Like my previous charges Rabbit is a rescue. This is not entirely philanthropic on my part but rather assuages the guilt that these animals would, were they not domesticated, be much better off gambolling in fields: a feeling only supported by the image this conjures up in my pun-receptive mind of pets having enormous fun splashing the cash at some sort of meadow casino.

My boyfriend and I went to the shelter with the intention of meeting a border collie who was incarcerated there. The breed had been on my Christmas list every year growing up and when, aged 31, I finally felt in a position to offer one a good home this particular dog took offence to my boyfriend. The shelter owner suggested it might have been down to his glasses. My boyfriend’s, that is – the dog’s eyes were fine apparently.

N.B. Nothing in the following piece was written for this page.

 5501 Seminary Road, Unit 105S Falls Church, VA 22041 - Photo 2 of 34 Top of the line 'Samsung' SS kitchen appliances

“We’ve lots of lurchers though.” Enter the then-unnamed stray who, at the end of a block of shouting mongrels quietly got up from her newspaper-lined plastic bed, perched her delicate front paws against the cage and fixed us with a pair of toffee pennies that still melt me while I write now, two years on, as they gaze at me from the sofa.

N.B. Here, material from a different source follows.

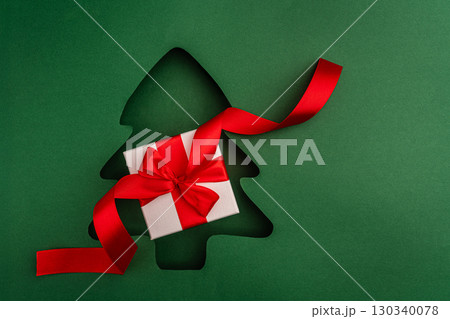 Christmas Gift Box with Red Ribbon in Tree Cutout Design 130340078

This makes it sound like I fell for her at first sight but it was my boyfriend really. I tried to keep a rational head, making the point that as a lurcher she would get cold on our long mountain walks, would try to chase anything that moved and wouldn’t ever morph into a border collie, all of which have proved to be true.

It turned out she had severe kennel cough, too, a potentially fatal respiratory disease contagious among dogs and, in rare cases, humans. I was in the middle of chemotherapy, my immune system suppressed. Rabbit and I eyed each other from our respective sofas. I remember thinking that I would accept more suffering if I could only take away hers: this poor bag of bones, origin unknown but so friendly, so indefatigable in the face of adversity. Then, three weeks later, she came through it and we were allowed on the same sofa, her gangly legs entwined with mine. And this – when I am not writing or taking her on long mountain walks (for which she has a number of dashing jackets no collie could hope to pull off) – has been our default pose ever since.

So when I lowered Cheddar’s limp little body into a box and my boyfriend buried her in the garden it was a clueless Rabbit, wagging her tail as we came back in, that cheered us both up. Thank god for my boyfriend’s crap eyesight.

This column is dedicated to Cheddar Schofield (2015-2016).